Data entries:
- - - - -
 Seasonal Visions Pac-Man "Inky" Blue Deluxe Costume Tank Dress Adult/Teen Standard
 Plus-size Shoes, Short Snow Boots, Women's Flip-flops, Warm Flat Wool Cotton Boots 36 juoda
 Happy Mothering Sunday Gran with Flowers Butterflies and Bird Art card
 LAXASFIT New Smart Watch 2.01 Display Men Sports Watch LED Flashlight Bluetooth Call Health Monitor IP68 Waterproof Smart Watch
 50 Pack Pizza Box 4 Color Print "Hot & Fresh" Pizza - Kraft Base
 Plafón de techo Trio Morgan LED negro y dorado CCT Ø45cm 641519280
- - - - -
WHAT TO PRODUCE: Whatever the entries above contain, reproduce all of them exactly.

SOLUTION TO THIS TASK:
 Seasonal Visions Pac-Man "Inky" Blue Deluxe Costume Tank Dress Adult/Teen Standard
 Plus-size Shoes, Short Snow Boots, Women's Flip-flops, Warm Flat Wool Cotton Boots 36 juoda
 Happy Mothering Sunday Gran with Flowers Butterflies and Bird Art card
 LAXASFIT New Smart Watch 2.01 Display Men Sports Watch LED Flashlight Bluetooth Call Health Monitor IP68 Waterproof Smart Watch
 50 Pack Pizza Box 4 Color Print "Hot & Fresh" Pizza - Kraft Base
 Plafón de techo Trio Morgan LED negro y dorado CCT Ø45cm 641519280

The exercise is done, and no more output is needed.